Hasanat et al. (2019) highlighted the major association between pricing strategy, engagement of clients, and quality assurance with the fulfillment and trustworthiness; they asserted that this could be achieved only through customer engagement process. Cvijovic et al. (2017) informed that it is the CRM that enables the customer segmentation and customizing the products based on the expectation identified through customer knowledge management process. Gayathry (2016) pointed out that the purpose of implementing CRM is not fulfilled and it required more efforts by the banks to convince the customers towards the maintenance of CRM.
Bashir (2017) explained that satisfaction mediates between relationship management and retention rate in the banking sector and that satisfaction among the customers was achieved through CRM that has recognized the expectation and needs of the people; however, the level of CRM was foundto be moderate, and the effective management of CRM was said to have an impact on service quality in the banks of Jordan. Lam et al. (2013) pointed out that the awareness of the quality of the relationship between the company and the customers may be enhanced when effective e-CRM strategies are implemented through interpersonal communication, preferential treatment, reward to customers, etc. Kebede and Tegegne (2018) pointed out that every performance of the banks is rests with the innovative CRM technology.Chua and Banerjee (2013) identified customer knowledge management as an effective branding and marketing instrument for analyzing the expectation, behavior, and preferences of customers.
Paidi et al. (2018) in their study about image of the organization through the customer trust revealed that the corporate image of the organization does not affect loyalty; rather, product quality, service quality, and the trust moderately influence customer loyalty. Bhat et al. (2018) pointed out that the CKM has a tough effect on trust and confidence in the fulfillment of services, but the only way to enhance the devotion to the services in banking sector is through understanding the dynamic behavior and having the updated information of the customers which makes the sales people to be closed with the customers and helps increase the revenue growth. Munaiah and Mohan (2017) pointed out that banks always underestimate the degree of benefit through implementing the customer relationship management, and the organizations considered this just like application of a technology without realizing its importance, although they have introduced at the same time more strategies for attracting the customers. Almasi and Pirzad (2017) studied the outcome of intellectual capital and knowledge management on market competition through CRM and realized that the knowledge management process has a significant impact on CRM in such a way that the continuous flow of knowledge from both sources supports the customers in buying the product and services. Chiu et al. (2017) investigated the brand association with the brand equity and found that both brand attachment and attitude are the significant determinants of acceptance out of which acceptance has a stronger impact, and this attachment and acceptance could be achieved only through the customer knowledge management. Bompolis and Boutsouki (2014) informed that there is a strong relationship between the traditional CRM and the e-CRM and this initiate the customer willingness to do the business in the banks with the creative relationship.
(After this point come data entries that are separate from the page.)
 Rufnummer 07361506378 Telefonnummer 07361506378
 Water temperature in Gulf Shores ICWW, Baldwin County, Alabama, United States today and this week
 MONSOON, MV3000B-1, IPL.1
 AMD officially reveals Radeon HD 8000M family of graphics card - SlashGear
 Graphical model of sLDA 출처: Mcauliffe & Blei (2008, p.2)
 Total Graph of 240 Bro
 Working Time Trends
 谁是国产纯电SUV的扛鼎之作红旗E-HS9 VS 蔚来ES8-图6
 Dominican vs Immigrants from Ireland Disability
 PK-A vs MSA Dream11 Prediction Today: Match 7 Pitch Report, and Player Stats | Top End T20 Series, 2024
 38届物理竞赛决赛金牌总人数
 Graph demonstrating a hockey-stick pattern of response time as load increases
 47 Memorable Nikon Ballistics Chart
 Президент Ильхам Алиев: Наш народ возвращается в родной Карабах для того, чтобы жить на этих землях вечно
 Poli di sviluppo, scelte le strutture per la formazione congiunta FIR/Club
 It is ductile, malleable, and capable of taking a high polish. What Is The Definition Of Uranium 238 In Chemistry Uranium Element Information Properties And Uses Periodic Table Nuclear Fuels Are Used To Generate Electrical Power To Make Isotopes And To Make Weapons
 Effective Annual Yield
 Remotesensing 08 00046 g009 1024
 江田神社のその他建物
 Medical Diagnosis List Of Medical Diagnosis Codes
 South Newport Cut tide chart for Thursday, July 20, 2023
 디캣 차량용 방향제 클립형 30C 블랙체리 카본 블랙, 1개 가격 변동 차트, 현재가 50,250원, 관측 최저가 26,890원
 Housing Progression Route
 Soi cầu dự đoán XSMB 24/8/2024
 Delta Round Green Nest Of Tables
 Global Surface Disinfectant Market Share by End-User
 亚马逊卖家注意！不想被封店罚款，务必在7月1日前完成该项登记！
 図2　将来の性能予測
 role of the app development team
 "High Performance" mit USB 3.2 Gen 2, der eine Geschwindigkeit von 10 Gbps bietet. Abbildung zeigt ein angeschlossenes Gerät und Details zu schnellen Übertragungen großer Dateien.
Tehrani et al. (2015) highlighted that organizational innovation, CKM, and CRM as significant predictors of a client's trustworthiness and this could be yielded only through knowledge-based foundations. Trejo et al. (2016) told that Customer Knowledge Managers initially focus on the information from the customers rather than focusing on direct interaction with them, and this is a significant characteristic of CRM. Duwailah and Hashem (2019) confirmed that customer knowledge management helps every organization to enhance its profit margin through through customer relationship management Hassan et al. (2015) narrates that CRM in marketing has a significant, positive influence on clients' happiness through knowledge management, and this satisfaction increases the repeated purchase, thereby increasing the sales and revenue of the organization. San and Hardjono (2017) explained that factors like customer orientation, CRM organization, and knowledge management are positively associated with faithfulness of the clients. Azimi and Amiri (2018) studied the satisfaction and trust and the impact of these on loyalty in mobile banking services among the faculties of Shiraz University. They confirmed that factors such as usability and customer services play a significant role in fulfilling the requirements of the consumers and yield trustworthiness to the great extent.
Statement of the Problem
In today's context, customers are selecting fiscal sectors for their deposits in order to get high returns and also for other immediate financial transactions. Despite the availability of many services in private banks with attractive schemes, they prefer the public sector banks, and the inquiry reveals that they perceive doubt of returns and future risk as associated with private sector banks (Vanitha and Velmurugan,2015); (Bhatia et al., 2015). But a lot of earlier research results have pointed out that the service gap is found to be lower in private sector banks than public sector ones (Agrawal et al., 2016), quality of human interaction is found to be satisfied in the private banks (Nautiyal, 2014), and reliability has the most positive and significant impact on customer satisfaction (Lomendra et al., 2019). Perception of CRM through service quality varies with gender-based prospects in public and private sector banks, and private banks have more initiation in CRM implementation than public sector banks (Mishra, 2016). Despite all these positive points in the private sector banks, customers still have trust in the public sector banks for depositing their money and getting locker system for keeping their valuables. However, in case of other transactions like electronic money transfer, they prefer only the private sector banks because of experiencing quick attendance and less processing time. These customer actions clearly reflect that the implementation of the CRM in this sector is not effective and confirms the flaws in effective utilization of CRM practices.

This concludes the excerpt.